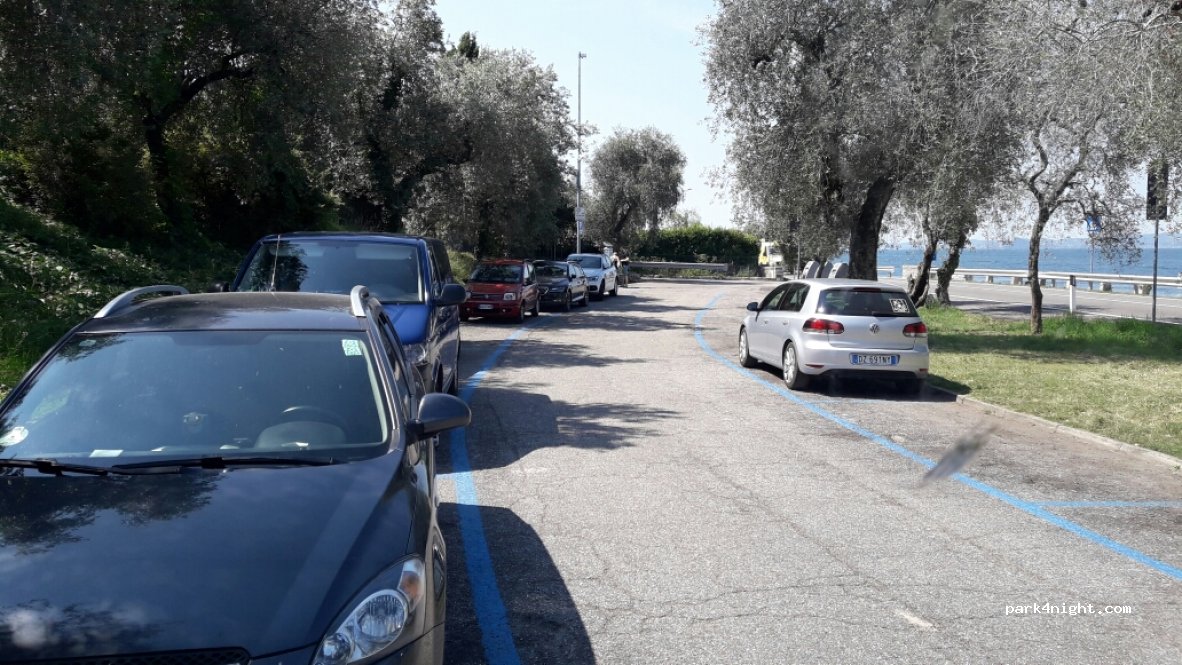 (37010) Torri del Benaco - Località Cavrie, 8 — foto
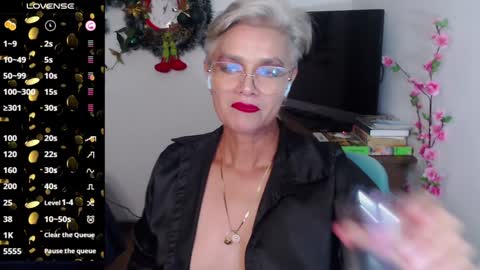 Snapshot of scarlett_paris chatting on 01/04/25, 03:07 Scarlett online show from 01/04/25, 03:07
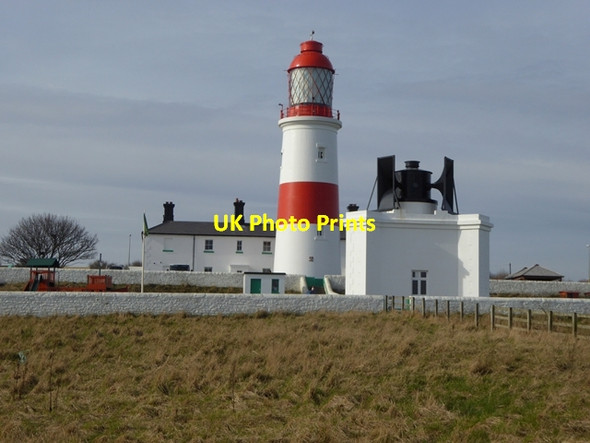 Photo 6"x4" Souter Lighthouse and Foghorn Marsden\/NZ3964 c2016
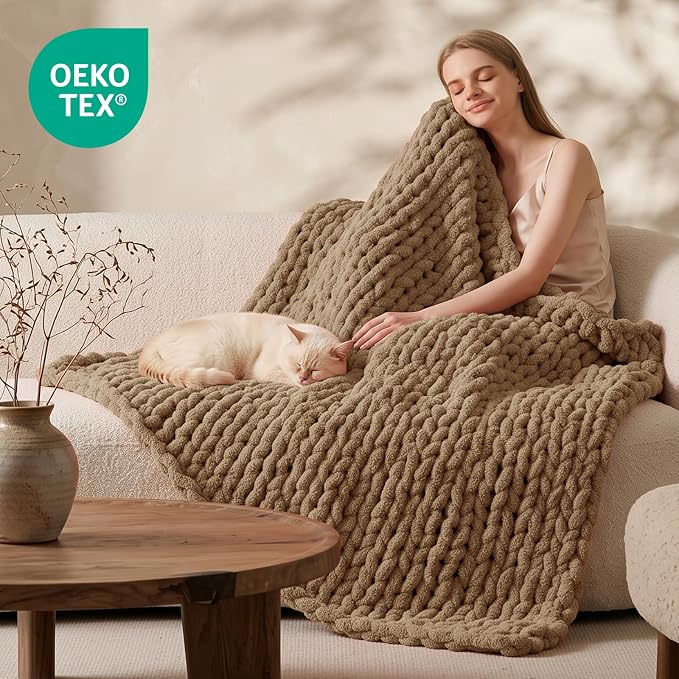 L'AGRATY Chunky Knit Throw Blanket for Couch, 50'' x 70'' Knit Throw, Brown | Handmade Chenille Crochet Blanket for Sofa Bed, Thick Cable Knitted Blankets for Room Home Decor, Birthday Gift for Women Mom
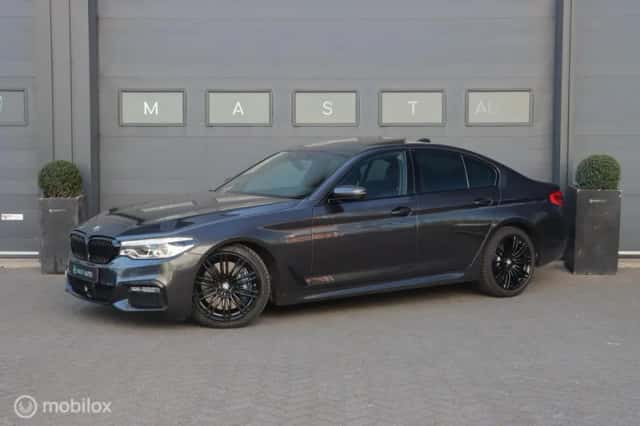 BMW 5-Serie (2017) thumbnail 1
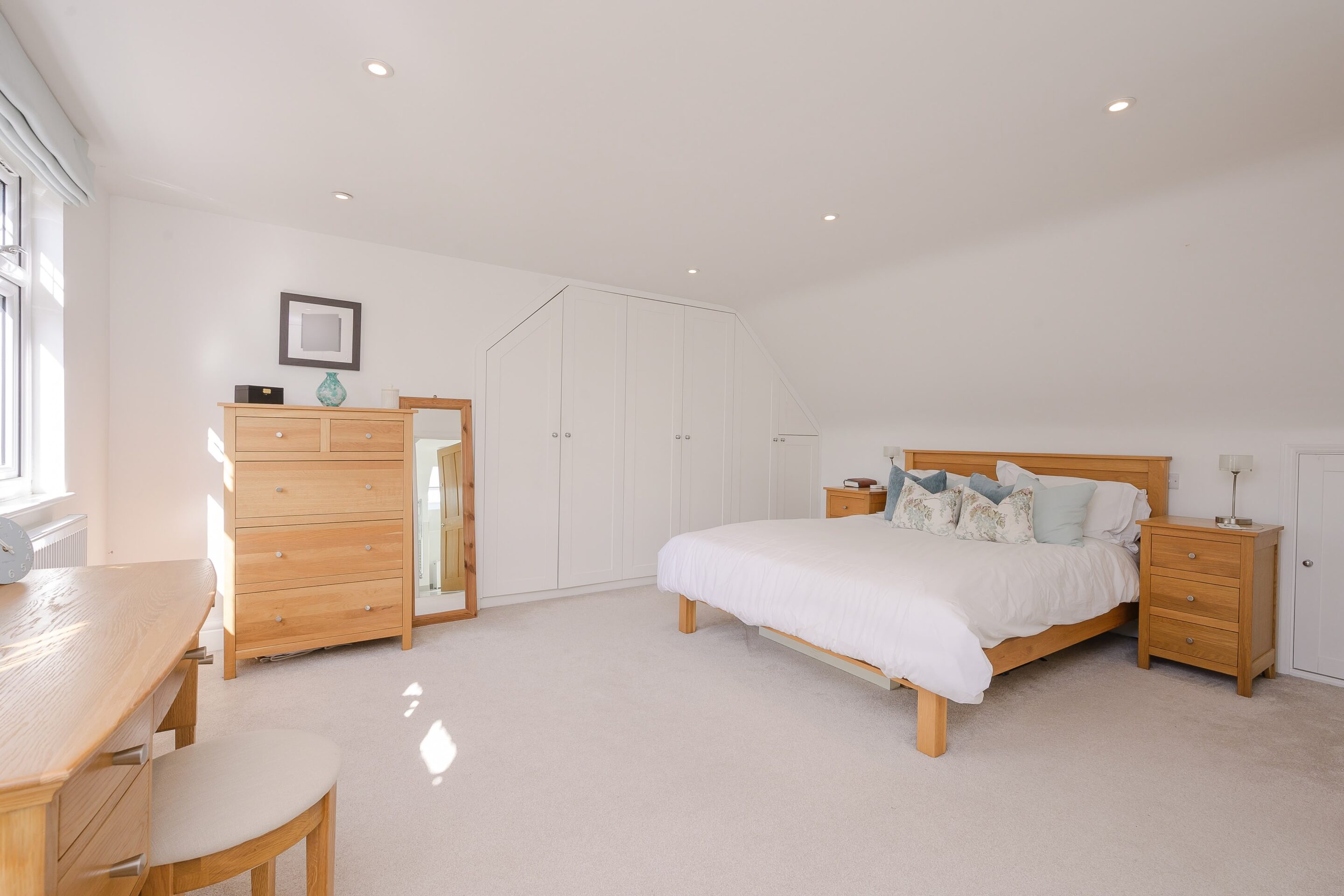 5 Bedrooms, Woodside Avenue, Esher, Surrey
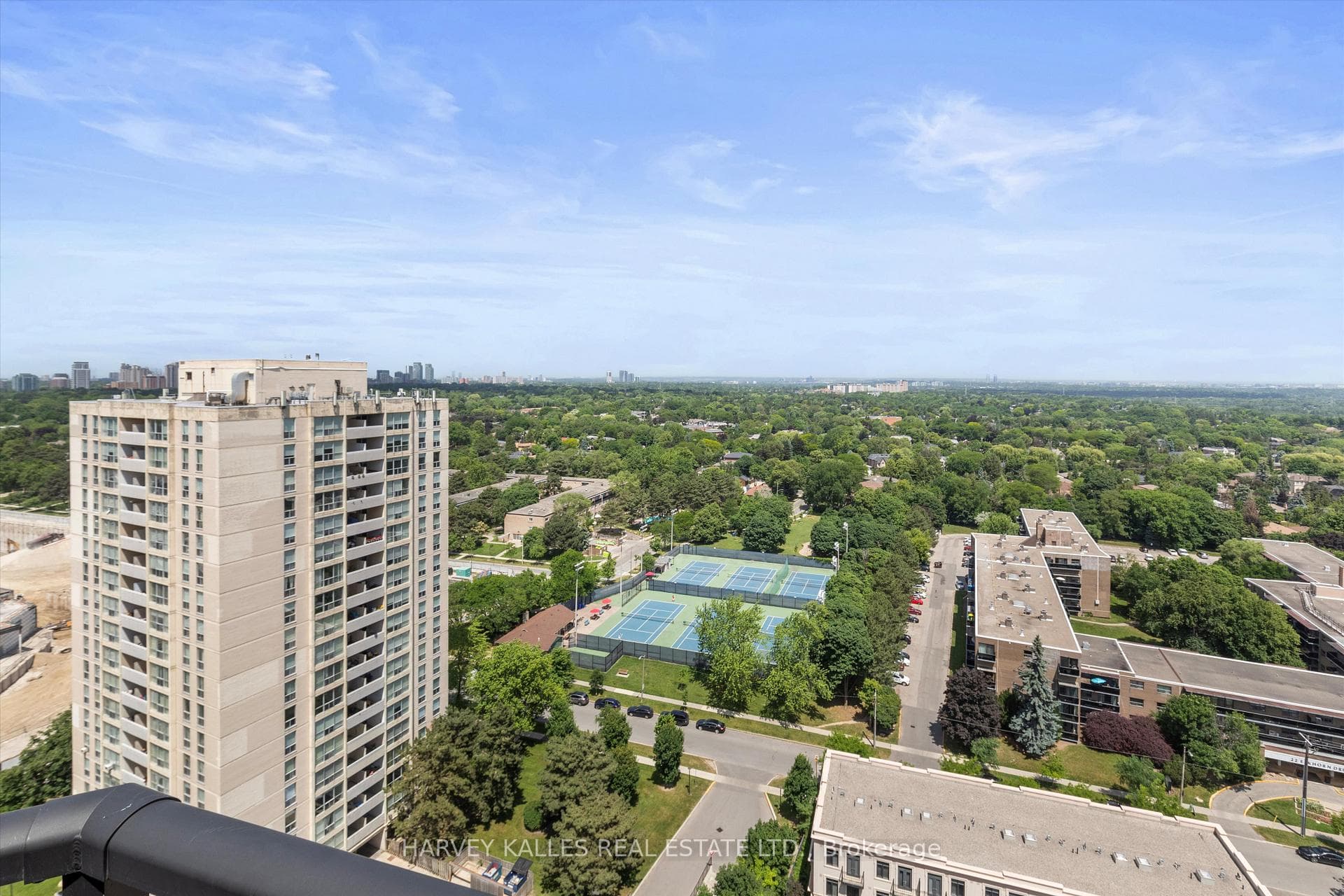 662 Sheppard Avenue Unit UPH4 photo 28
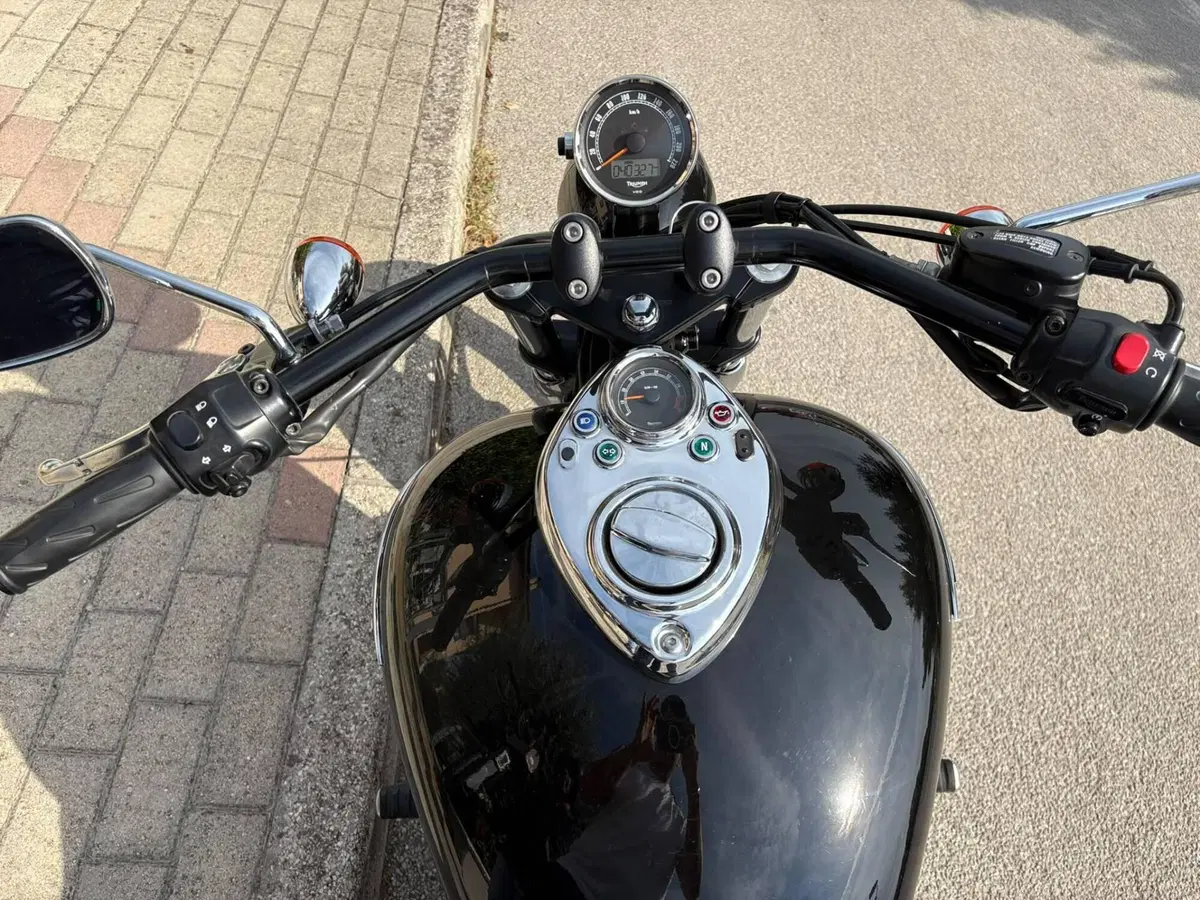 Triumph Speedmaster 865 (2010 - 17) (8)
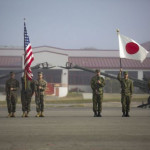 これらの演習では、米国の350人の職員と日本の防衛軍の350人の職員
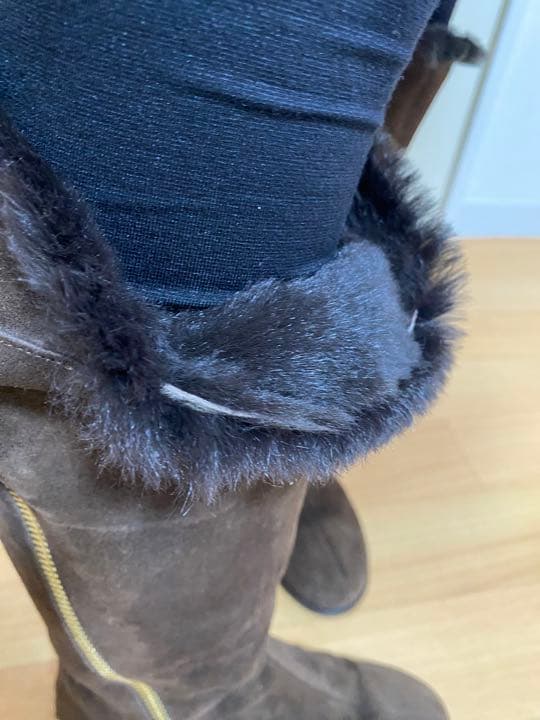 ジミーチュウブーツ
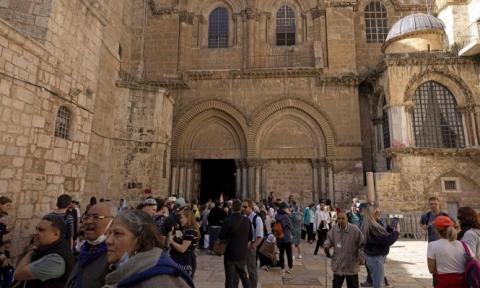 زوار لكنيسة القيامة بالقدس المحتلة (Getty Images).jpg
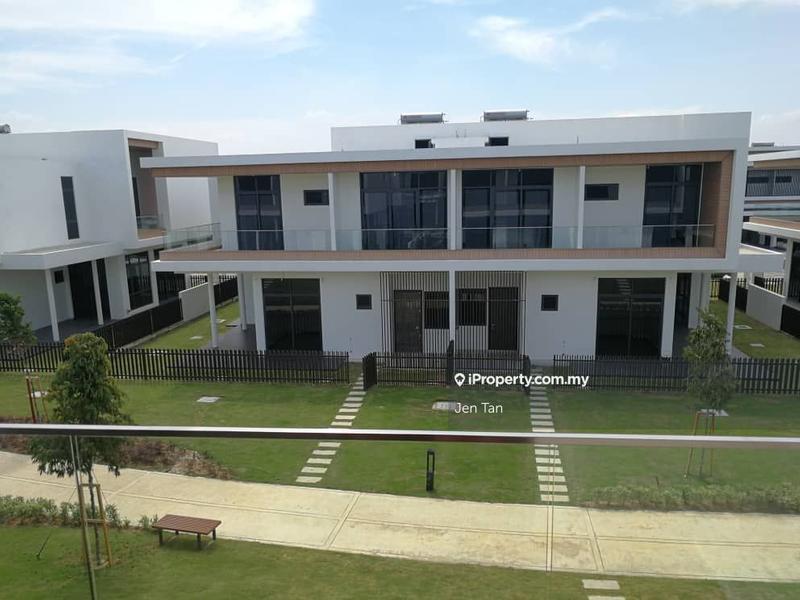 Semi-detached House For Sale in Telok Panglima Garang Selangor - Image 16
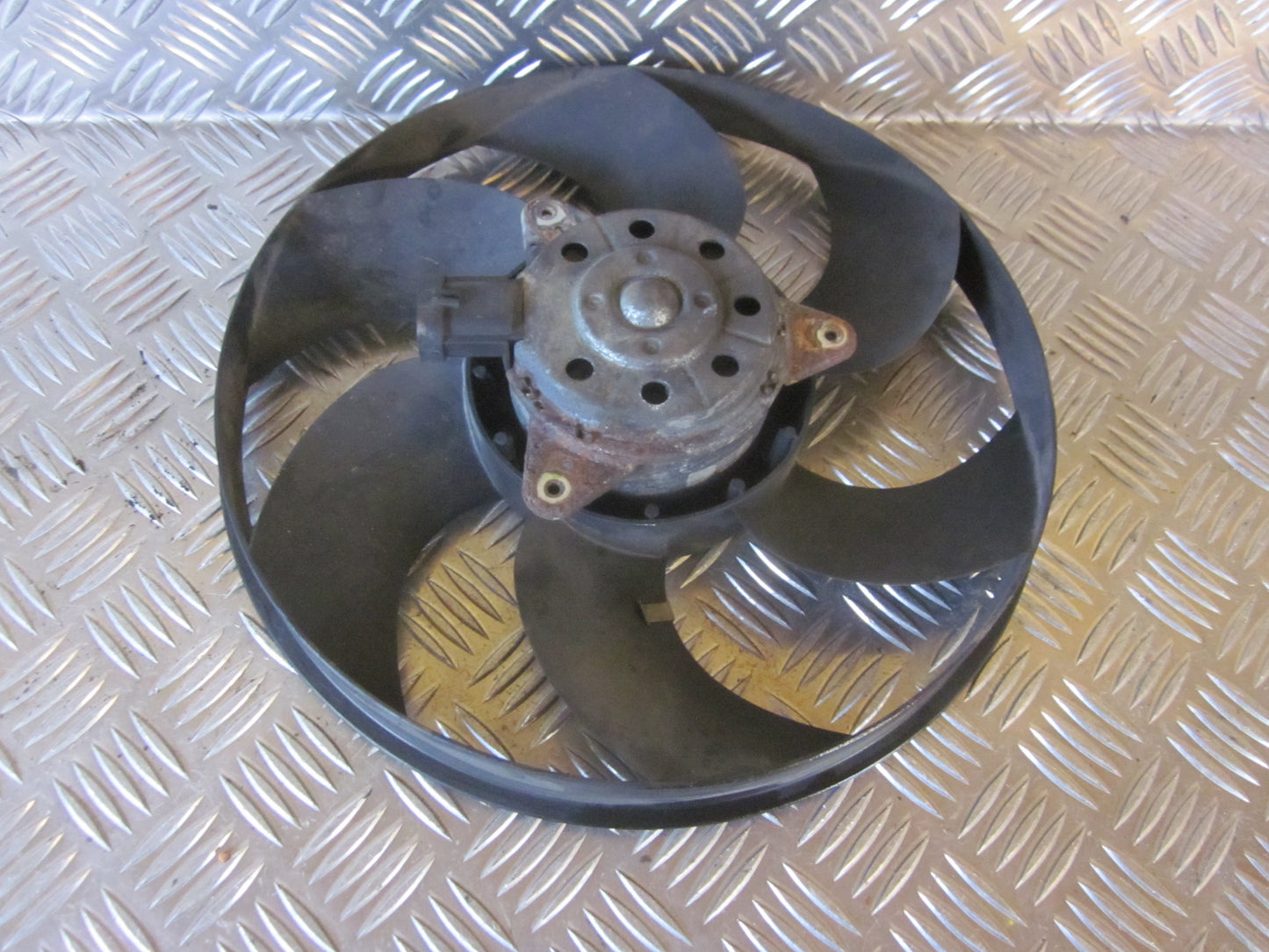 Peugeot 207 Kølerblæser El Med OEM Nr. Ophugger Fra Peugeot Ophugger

————

### Prompt
Exact lines, nothing more: output the one with "Foghorn Marsden\/NZ3964 c2016" and every later line through the end of the data, skipping pictures.

### Problem solution
 Photo 6"x4" Souter Lighthouse and Foghorn Marsden\/NZ3964 c2016
 L'AGRATY Chunky Knit Throw Blanket for Couch, 50'' x 70'' Knit Throw, Brown | Handmade Chenille Crochet Blanket for Sofa Bed, Thick Cable Knitted Blankets for Room Home Decor, Birthday Gift for Women Mom
 BMW 5-Serie (2017) thumbnail 1
 5 Bedrooms, Woodside Avenue, Esher, Surrey
 662 Sheppard Avenue Unit UPH4 photo 28
 Triumph Speedmaster 865 (2010 - 17) (8)
 これらの演習では、米国の350人の職員と日本の防衛軍の350人の職員
 ジミーチュウブーツ
 زوار لكنيسة القيامة بالقدس المحتلة (Getty Images).jpg
 Semi-detached House For Sale in Telok Panglima Garang Selangor - Image 16
 Peugeot 207 Kølerblæser El Med OEM Nr. Ophugger Fra Peugeot Ophugger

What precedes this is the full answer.